Employee vs. Independent Contractor in the era of Tax Reform
There are growing concerns in the construction industry with respect to employers inappropriately classifying employees as independent contractors in order to reduce their costs of doing business and gain an edge in being awarded construction contracts. With the construction industry seeing very low unemployment, some do not believe the wages reported coincide with the industry’s growth; thus suggesting an increase in misclassification as independent contractors. Some commentators believe the recently enacted Tax Cuts and Jobs Act of 2017 (“TCJA”) could lead to even more misclassified employees. How big is the employee misclassification problem today and what is the government currently doing about it? These are the questions addressed in this article.
Generally, an employer/employee relationship exists “when the person for whom services are performed has the right to control and direct the individual who performs the services, not only as to the result to be accomplished by the work but also as to the details and means by which that result is accomplished.” Treas. Reg. Sec. 31.3121(d)-1(c).
When a worker is misclassified as an independent contractor, the costs to society are considerable: the employee loses federal and state employment protections and benefits; the unlawful business whose taxes are illegally lowered is placed at an unfair advantage over the competition, and the government is deprived of substantial tax revenues. In a 2009 report, the Government Accountability Office estimated in one year alone, the federal government lost out on $2.72 billion in Social Security, unemployment and income taxes because of employee misclassification.1
To make matters worse, a new tax deduction in the TCJA could further contribute to employment tax losses. Effective for tax years beginning after December 31, 2017, partnerships, limited liability companies (LLCs), S corporations, trusts, estates, and sole proprietorships are generally entitled to a deduction of 20% of the taxpayer’s “qualified business income” under IRC Sec. 199A. Because Section 199A ties the availability of a deduction to some form of business ownership, some employees may seek to be treated as independent contractors or partial owners for tax purposes.
In an effort to prevent the misclassification of workers, the government employs a multi-faceted approach. The IRS detects misclassified workers primarily through the following four sources:
- The Determination of Worker Status (Form SS-8) Program. Under the “Form SS-8” program, employers or workers may request that the IRS determine the status of an individual.
- The Employment Tax Examination Program (ETEP). The ETEP allows the IRS to use specific criteria to identify companies likely to have misclassified employees
- General employment tax examinations. A general examination of an employment return may draw the IRS’s attention to a classification issue.
- The Questionable Employment Tax Practices (QETP) program. Through the QETP the IRS and the States share worker classification-related information.

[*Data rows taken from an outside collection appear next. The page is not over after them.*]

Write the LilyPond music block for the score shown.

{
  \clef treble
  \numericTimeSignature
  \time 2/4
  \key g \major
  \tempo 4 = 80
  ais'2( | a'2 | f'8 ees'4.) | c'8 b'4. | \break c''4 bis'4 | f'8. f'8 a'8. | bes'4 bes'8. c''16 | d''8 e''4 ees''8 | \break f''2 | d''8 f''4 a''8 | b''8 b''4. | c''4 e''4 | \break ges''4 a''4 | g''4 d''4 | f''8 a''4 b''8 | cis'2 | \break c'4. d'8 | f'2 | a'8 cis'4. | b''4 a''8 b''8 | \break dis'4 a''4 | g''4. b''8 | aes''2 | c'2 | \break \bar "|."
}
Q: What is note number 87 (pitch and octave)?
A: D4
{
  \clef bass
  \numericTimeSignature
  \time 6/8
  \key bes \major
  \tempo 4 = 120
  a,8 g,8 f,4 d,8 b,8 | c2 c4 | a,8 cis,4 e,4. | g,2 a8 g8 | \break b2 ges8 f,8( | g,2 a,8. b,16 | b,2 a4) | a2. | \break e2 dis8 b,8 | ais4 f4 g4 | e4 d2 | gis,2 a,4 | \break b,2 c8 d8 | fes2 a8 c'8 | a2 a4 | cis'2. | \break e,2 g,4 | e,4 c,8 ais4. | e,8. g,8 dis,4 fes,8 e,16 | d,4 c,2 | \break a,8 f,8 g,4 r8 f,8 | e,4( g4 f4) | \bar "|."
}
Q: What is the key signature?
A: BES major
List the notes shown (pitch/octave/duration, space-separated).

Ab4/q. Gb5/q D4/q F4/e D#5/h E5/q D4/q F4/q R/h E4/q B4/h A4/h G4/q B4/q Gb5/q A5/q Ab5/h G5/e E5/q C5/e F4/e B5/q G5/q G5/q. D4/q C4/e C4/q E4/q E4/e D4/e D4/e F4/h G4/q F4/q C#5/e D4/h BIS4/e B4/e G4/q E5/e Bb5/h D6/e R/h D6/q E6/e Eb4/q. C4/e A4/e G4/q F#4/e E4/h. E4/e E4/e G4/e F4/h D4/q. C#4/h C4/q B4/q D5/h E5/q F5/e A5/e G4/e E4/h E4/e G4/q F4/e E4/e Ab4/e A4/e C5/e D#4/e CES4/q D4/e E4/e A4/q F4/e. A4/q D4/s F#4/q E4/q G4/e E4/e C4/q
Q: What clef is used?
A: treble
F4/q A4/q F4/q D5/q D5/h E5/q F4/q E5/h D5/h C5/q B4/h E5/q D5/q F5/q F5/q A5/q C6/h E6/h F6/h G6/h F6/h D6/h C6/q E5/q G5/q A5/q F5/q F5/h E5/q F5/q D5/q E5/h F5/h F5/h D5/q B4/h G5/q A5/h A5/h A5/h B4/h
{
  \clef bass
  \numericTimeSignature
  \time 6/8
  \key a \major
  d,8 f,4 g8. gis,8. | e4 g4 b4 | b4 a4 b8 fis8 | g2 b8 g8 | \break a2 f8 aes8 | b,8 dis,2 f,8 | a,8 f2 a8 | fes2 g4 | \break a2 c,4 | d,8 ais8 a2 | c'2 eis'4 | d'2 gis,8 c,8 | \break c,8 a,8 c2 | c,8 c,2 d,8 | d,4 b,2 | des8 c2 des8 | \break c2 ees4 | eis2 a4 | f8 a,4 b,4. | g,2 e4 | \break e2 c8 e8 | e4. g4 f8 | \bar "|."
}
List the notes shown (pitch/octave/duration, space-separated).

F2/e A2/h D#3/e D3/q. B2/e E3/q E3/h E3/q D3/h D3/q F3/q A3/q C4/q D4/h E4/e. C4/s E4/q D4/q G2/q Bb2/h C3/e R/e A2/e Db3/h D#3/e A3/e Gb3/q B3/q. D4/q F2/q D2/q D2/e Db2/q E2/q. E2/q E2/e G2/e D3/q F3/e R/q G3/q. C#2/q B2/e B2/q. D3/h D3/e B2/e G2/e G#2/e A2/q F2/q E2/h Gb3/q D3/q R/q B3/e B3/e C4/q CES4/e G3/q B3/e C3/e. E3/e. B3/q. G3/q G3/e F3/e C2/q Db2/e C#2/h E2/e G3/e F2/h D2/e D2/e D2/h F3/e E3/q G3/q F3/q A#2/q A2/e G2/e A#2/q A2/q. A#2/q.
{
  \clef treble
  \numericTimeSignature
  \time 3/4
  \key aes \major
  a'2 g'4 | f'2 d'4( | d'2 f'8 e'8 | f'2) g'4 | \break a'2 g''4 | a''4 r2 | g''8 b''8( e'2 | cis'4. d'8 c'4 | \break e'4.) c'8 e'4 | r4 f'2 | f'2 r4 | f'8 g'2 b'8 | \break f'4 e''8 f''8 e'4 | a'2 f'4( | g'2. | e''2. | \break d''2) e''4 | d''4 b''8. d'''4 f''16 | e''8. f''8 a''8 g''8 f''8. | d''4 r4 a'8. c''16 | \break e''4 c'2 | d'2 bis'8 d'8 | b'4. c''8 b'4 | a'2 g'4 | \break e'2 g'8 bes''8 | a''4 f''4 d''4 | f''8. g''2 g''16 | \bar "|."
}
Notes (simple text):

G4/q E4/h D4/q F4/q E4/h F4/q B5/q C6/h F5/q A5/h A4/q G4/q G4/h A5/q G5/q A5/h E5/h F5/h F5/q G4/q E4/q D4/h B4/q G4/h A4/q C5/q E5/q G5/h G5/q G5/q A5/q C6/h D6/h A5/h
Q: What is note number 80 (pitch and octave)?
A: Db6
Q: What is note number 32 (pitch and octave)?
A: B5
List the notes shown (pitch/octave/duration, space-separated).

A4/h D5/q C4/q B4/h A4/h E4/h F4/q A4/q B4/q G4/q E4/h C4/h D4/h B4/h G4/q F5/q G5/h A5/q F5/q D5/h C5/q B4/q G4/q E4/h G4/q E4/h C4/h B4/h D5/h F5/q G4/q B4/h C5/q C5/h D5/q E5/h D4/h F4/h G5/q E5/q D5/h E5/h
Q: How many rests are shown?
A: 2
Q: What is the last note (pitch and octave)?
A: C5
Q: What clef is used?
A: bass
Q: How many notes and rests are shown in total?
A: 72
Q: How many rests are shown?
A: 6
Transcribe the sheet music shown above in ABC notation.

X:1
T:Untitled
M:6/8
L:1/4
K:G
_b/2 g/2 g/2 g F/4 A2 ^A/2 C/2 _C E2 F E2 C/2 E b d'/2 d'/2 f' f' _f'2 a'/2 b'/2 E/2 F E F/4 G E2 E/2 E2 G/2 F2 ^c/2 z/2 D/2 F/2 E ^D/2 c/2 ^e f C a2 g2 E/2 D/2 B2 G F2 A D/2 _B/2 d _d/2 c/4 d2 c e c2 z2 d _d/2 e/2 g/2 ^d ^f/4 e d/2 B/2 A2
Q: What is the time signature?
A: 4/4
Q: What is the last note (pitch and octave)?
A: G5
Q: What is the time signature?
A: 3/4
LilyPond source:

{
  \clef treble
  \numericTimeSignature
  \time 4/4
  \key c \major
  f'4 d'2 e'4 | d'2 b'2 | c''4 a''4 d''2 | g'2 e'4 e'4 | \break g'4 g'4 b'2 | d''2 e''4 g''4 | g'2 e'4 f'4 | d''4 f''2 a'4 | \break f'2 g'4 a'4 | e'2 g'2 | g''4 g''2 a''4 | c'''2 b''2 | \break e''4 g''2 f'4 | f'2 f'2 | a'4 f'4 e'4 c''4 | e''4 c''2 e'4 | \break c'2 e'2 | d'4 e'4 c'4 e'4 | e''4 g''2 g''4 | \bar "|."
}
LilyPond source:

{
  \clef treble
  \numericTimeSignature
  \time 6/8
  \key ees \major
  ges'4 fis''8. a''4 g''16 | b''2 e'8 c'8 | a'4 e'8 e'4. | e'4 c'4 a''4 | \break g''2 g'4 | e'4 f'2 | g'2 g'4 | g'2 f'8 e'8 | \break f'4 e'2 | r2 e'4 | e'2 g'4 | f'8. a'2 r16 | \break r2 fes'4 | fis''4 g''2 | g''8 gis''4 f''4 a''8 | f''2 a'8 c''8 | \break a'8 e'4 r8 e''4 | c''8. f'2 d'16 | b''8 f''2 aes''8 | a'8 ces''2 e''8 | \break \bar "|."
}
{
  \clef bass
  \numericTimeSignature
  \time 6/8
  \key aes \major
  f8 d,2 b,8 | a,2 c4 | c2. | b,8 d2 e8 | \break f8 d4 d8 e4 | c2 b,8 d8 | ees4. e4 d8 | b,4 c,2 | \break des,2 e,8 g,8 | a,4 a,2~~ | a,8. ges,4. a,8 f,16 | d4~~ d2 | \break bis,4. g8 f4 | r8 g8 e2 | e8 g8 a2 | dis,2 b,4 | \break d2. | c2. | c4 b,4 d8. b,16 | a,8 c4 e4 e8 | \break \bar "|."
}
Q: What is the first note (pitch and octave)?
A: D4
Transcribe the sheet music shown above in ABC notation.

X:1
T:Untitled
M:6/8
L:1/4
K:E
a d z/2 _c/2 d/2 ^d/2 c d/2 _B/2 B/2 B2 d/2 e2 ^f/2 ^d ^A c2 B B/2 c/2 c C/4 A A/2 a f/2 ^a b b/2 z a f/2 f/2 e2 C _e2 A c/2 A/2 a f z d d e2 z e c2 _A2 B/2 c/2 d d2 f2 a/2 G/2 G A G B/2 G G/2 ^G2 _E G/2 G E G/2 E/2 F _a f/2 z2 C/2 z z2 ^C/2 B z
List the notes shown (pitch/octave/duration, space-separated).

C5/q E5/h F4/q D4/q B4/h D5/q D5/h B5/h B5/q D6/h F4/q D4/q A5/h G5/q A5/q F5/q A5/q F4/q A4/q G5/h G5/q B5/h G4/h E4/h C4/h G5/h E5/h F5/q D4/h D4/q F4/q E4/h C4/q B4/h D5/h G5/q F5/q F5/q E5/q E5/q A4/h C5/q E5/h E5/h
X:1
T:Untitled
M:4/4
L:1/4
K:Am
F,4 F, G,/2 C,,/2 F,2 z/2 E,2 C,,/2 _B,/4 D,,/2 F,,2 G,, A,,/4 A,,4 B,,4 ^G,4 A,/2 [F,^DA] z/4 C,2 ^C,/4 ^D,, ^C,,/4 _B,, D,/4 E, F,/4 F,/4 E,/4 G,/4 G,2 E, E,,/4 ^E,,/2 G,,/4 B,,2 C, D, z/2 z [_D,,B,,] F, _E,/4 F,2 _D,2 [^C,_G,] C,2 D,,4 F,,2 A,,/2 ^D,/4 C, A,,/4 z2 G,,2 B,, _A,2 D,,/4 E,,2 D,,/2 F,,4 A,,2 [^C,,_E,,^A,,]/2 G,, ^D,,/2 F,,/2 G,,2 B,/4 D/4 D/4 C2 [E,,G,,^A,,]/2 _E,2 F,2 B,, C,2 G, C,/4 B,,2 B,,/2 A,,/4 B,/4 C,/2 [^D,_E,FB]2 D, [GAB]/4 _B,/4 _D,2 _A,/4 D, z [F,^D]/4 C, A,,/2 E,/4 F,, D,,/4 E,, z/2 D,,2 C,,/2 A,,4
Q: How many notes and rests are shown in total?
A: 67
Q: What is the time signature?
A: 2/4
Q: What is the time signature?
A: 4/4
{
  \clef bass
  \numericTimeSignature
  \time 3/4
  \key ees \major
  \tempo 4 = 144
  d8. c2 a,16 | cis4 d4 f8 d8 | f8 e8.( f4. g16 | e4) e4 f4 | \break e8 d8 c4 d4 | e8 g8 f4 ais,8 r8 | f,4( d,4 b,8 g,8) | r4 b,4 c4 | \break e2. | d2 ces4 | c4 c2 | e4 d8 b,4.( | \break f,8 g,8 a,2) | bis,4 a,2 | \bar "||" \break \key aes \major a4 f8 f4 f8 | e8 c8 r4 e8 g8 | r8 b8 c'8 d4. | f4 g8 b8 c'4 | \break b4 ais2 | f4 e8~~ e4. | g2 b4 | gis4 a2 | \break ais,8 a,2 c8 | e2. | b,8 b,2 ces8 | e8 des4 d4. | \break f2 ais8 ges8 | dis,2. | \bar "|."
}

The majority of the IRS’s employee classification related audits are conducted by the Small Business/Self-Employed Division. In the fiscal year 2016, IRS examined about 54,600 employment tax returns, which covered 0.2 percent of all employment tax returns filed in the calendar year 2015.2 Because such a small percentage of employment returns are examined, IRS must especially ensure that the examinations are as efficient and effective as possible. As reported to the Committee on Finance, U.S. Senate on April 18, 2017, the IRS recently completed a study through its National Research Program to learn how the Service can better utilize its limited worker classification enforcement resources.3
Whether a worker is an employee or an independent contractor is sometimes difficult to discern. Over time the IRS compiled a list of 20 factors from court decisions to determine worker status. These 20 factors, cited in Rev. Rul. 87-41, have been compressed into three general categories the IRS currently considers: (1) behavioral control; (2) financial control; and (3) the relationship of the parties. No one factor should stand alone in making a determination.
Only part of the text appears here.